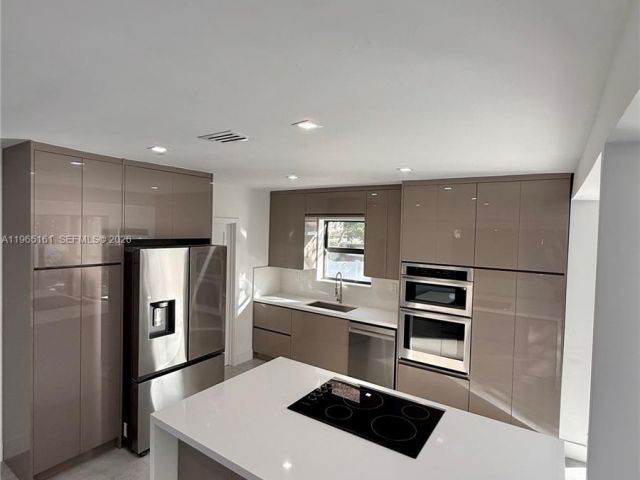 Home for sale at 12615 N Miami Ave - photo 7436192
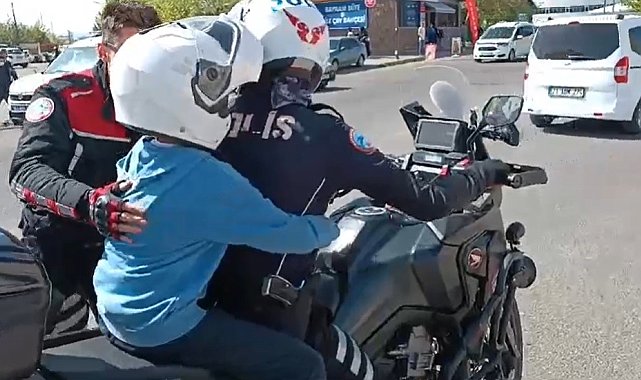 Bingöl'de sınav öncesi kimliğini unutan öğrencilerin imdadına polis ekipleri yetişti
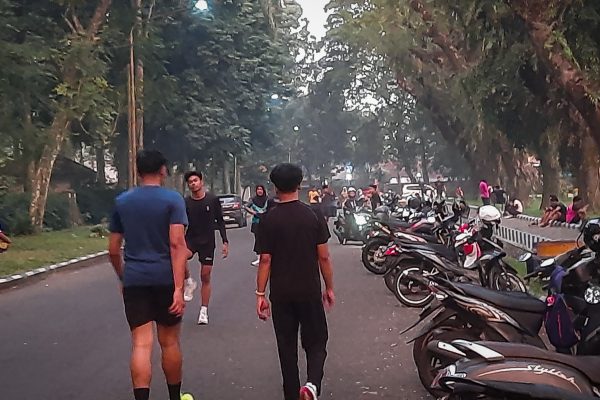 Kawasan Universitas Jember Jadi Area Jogging Favorit, Mahasiswa Soroti Kedisiplinan Jogger dan Potensi Bahaya
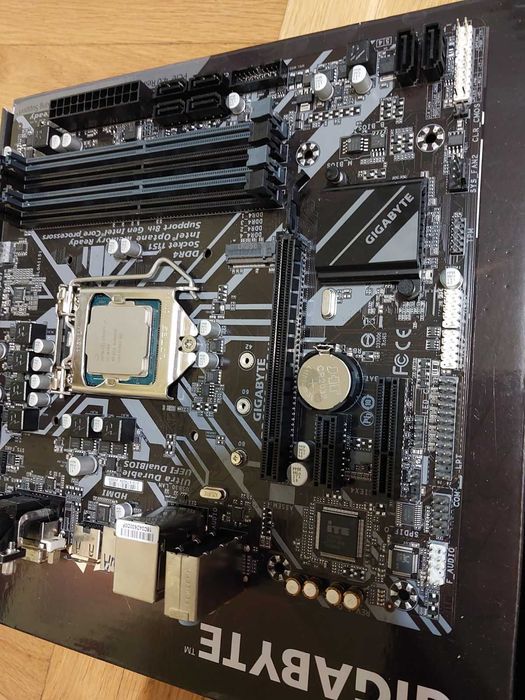 Intel Core i7 8700 + Gigabyte B365M DS3H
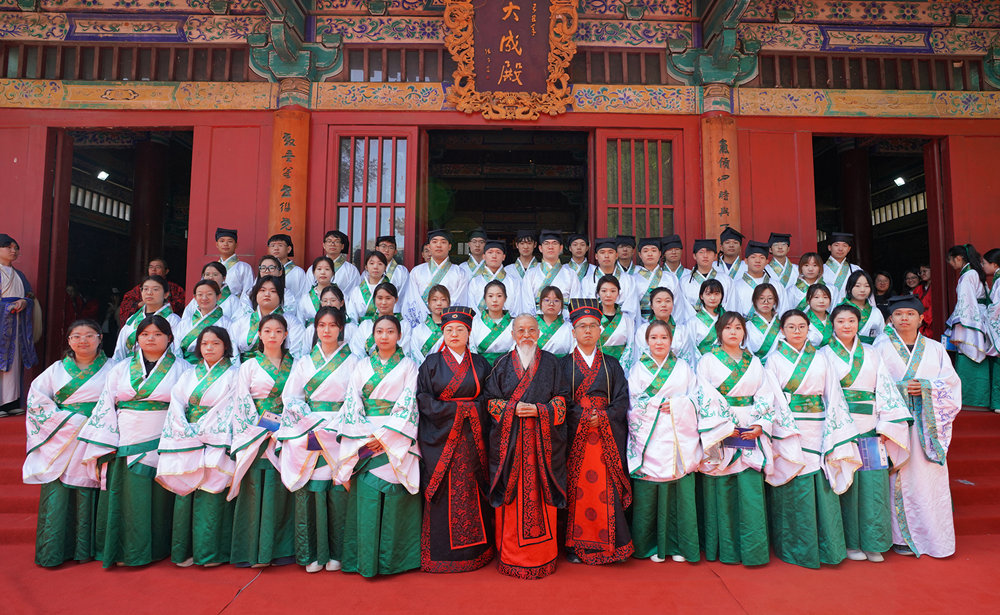 河北美术学院2025届毕业生学成礼活动现场。李格非摄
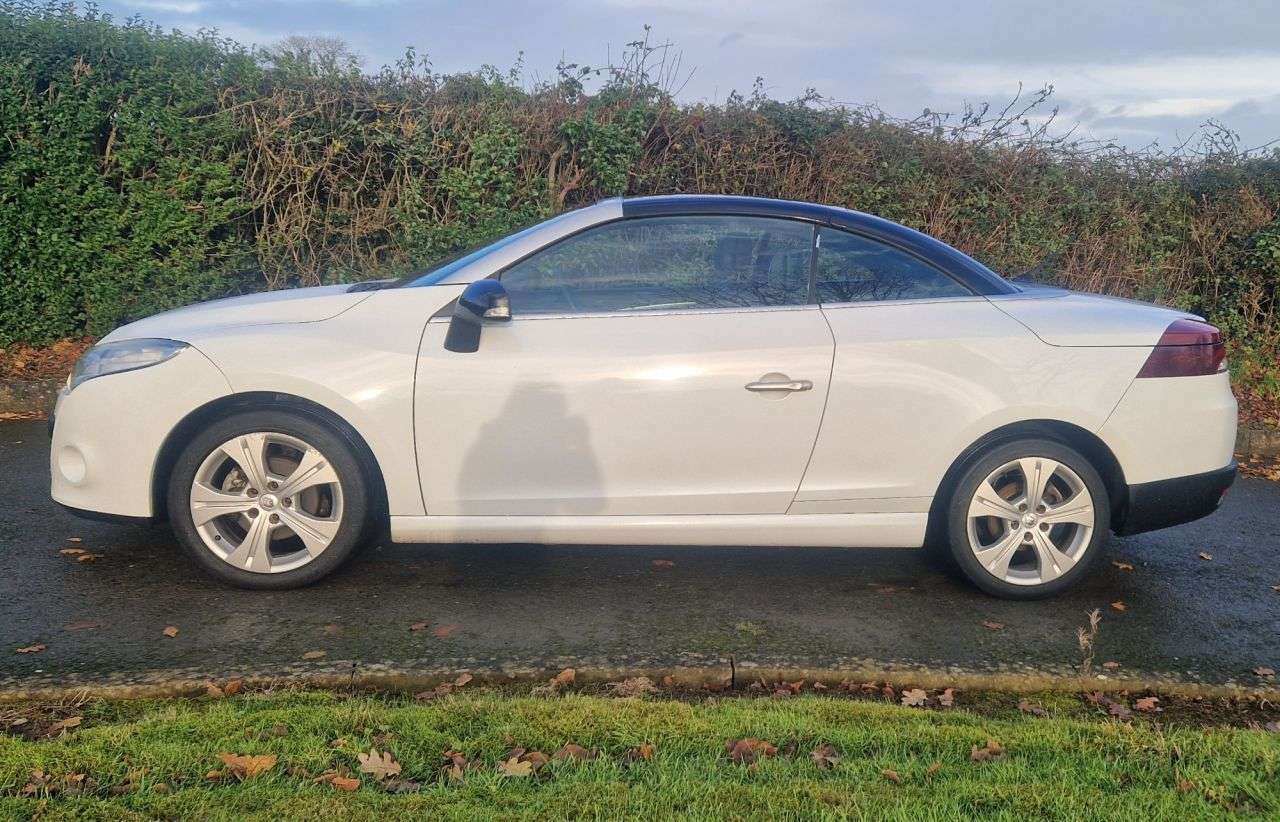 2010 RENAULT MEGANE 2010 RENAULT MEGANE
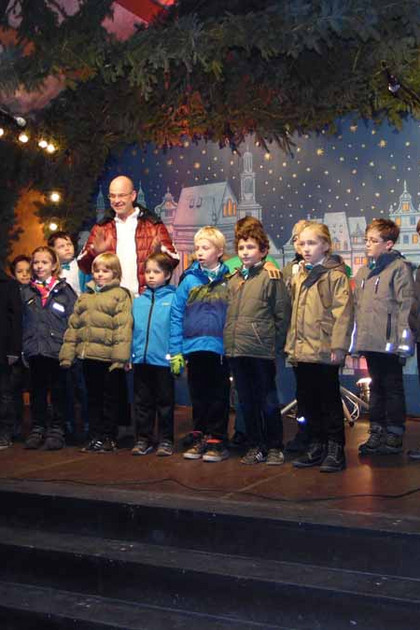 Leipziger Weihnachtsmarkt - singende Kinder auf der Marktbühne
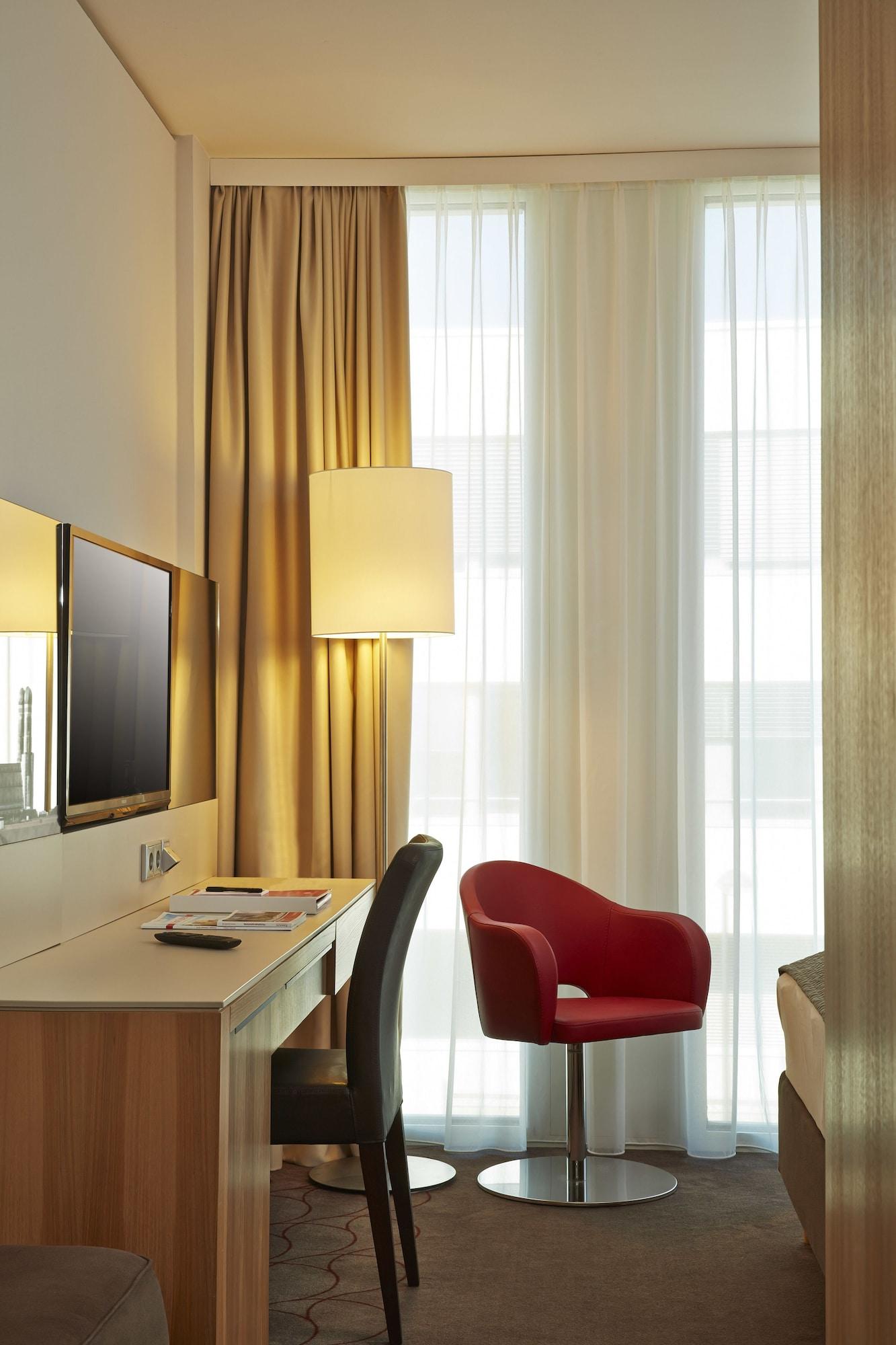 H4 Hotel Muenchen Messe Екстериор снимка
• • • • •
- [Task requirements]: Once you find the line containing "Leipziger Weihnachtsmarkt - singende", retype it and every line after it through the last line of the records above, exactly. Add nothing else, and leave out the pictures.

- [Response to the task]:
 Leipziger Weihnachtsmarkt - singende Kinder auf der Marktbühne
 H4 Hotel Muenchen Messe Екстериор снимка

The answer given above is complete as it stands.